Bruce shifted slightly, crossing his legs and moving his body into a more comfortable position against the sanctuary wall.  He closed his eyes, focusing on the flows and auras of light brought to him by Eyes of the Void.

“Got it,” he said.  “Step one is mastering Eyes of the Void.  Apparently chasing a couple wisps of energy around an island in my subconscious wasn’t enough to get me anything more than a rudimentary understanding of the ability.”

“Eh,” Kassar grumbled.  “That rudimentary understanding got you this far.  After all, once the lurker started chasing you, you managed to spot and avoid the trapped corridor and the other lurker.  I think you just need a little adrenaline running through your veins to make your training all come together.”

“Is that what the faint green and red energy I spotted were?” Bruce asked.  “I don’t suppose you could have warned me before I ran into a deathtrap of some sort?”

“You had it in hand,” the ghost answered.  “I figured it was best not to distract you after you escaped from the lurker.  If you tried to do something stupid, I would have spoken up.”

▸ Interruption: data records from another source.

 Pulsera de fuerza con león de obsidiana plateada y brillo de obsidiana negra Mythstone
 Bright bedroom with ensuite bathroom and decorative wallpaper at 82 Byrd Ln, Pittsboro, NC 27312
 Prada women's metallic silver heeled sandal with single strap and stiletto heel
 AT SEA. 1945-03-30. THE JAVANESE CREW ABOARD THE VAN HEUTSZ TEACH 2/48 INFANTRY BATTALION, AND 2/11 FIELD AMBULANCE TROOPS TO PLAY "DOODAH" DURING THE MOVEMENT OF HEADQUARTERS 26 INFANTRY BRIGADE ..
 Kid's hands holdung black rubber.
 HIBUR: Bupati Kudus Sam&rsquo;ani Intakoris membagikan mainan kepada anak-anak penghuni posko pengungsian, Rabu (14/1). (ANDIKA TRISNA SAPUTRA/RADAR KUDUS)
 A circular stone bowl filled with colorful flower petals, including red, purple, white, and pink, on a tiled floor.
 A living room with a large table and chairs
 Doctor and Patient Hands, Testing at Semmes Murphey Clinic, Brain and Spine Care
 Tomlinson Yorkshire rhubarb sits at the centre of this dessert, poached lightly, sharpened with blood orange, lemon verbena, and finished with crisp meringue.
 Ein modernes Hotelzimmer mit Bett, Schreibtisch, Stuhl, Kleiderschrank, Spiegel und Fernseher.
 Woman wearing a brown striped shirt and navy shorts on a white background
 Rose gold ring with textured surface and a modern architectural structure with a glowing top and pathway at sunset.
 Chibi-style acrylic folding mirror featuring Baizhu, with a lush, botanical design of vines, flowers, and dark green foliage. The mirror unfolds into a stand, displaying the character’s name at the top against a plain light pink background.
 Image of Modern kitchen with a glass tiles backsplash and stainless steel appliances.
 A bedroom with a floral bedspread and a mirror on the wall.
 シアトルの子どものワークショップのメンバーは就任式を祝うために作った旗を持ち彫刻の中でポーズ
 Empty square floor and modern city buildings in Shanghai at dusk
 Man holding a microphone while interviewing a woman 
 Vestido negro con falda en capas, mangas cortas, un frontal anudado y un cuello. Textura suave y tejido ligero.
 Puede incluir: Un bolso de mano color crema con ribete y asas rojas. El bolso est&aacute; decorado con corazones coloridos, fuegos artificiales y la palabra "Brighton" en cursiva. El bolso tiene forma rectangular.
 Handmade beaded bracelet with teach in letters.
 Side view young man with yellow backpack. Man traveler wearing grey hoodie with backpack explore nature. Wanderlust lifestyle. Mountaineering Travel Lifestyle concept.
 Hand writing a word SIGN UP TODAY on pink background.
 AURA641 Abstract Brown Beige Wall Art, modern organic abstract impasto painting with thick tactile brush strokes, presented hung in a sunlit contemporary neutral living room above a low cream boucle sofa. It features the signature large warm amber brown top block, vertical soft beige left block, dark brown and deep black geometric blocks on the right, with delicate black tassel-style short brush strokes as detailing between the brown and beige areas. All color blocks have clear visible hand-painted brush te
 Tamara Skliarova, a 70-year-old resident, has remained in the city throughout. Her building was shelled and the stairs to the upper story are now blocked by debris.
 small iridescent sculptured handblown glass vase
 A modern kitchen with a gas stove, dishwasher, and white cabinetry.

“Thanks,” Bruce replied dryly, “but I think I’ll work on improving my mastery of Eyes of the Void a bit first.  I’d like a little more warning than a faint glimmer of light before some sort of unspeakable horror tries to rip my soul out.”

Kassar just grunted out his response.

“Suit yourself kid.  I’ve already lost count of how long I’ve been waiting for a chance at revenge.  What’s another day or two?”